Na tym nie koniec. Odwołanie powinno wskazywać wszystkie znane skarżącemu dowody na poparcie jego twierdzeń, pod rygorem utraty prawa do powoływania tych dowodów w dalszym postępowaniu. Ukarany nie może też w postępowaniu sądowym powoływać innych dowodów niż wskazane w odwołaniu. Jest jeden wyjątek: dowód nie był mu znany w chwili wniesienia odwołania.

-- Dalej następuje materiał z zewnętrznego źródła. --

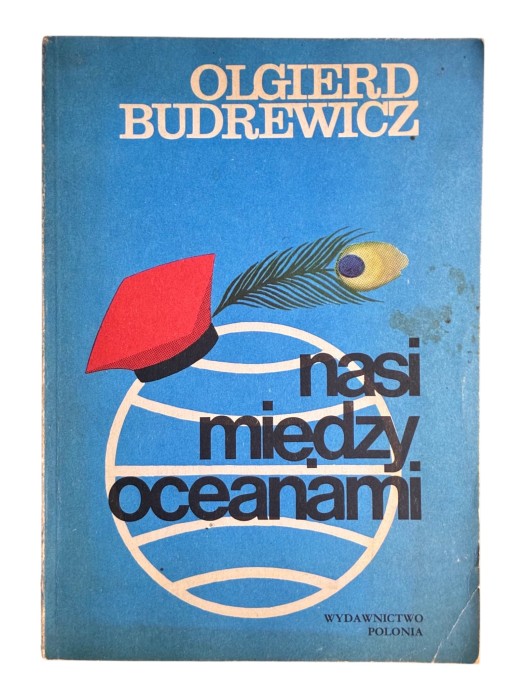Nasi między oceanami Olgierd Budrewicz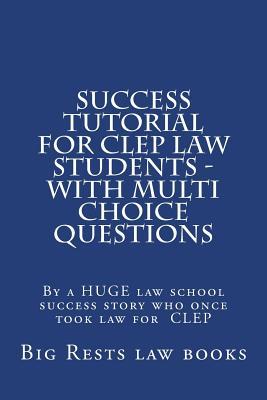 Success Tutorial For CLEP Law Students - with Multi Choice Questions: By a HUGE law school success story who once took law for CLEP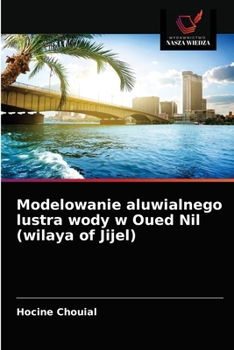 Paperback Modelowanie aluwialnego lustra wody w Oued Nil (wilaya of Jijel) [Polish] Book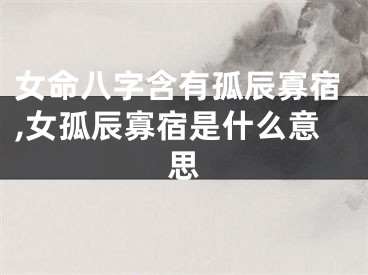 女命八字含有孤辰寡宿,女孤辰寡宿是什么意思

Po wniesieniu odwołania sąd mógłby wstrzymać wykonanie zaskarżonego mandatu karnego. Natomiast po rozpoznaniu orzekałby o jego utrzymaniu w mocy albo go uchylał.
Sąd będzie mógł wymierzyć ukaranemu karę surowszą lub surowszego rodzaju oraz orzec środek karny. Od wydanego w pierwszej instancji wyroku zapadłego w wyniku rozpoznania odwołania ma przysługiwać apelacja do sądu okręgowego.
Dziś procedura wygląda inaczej. Obywatel, którego funkcjonariusz chce ukarać mandatem, ma prawo do odmowy jego przyjęcia. W takiej sytuacji policja przygotowuje wniosek o ukaranie i wysyła go do sądu. I to on decyduje o ewentualnej grzywnie i jej wysokości. Jest to sąd właściwy dla miejsca złamania przepisów. Sąd nie jest związany wcześniejszą decyzją policjanta, a ukarany może się stawić na rozprawę lub przesłać wyjaśnienia.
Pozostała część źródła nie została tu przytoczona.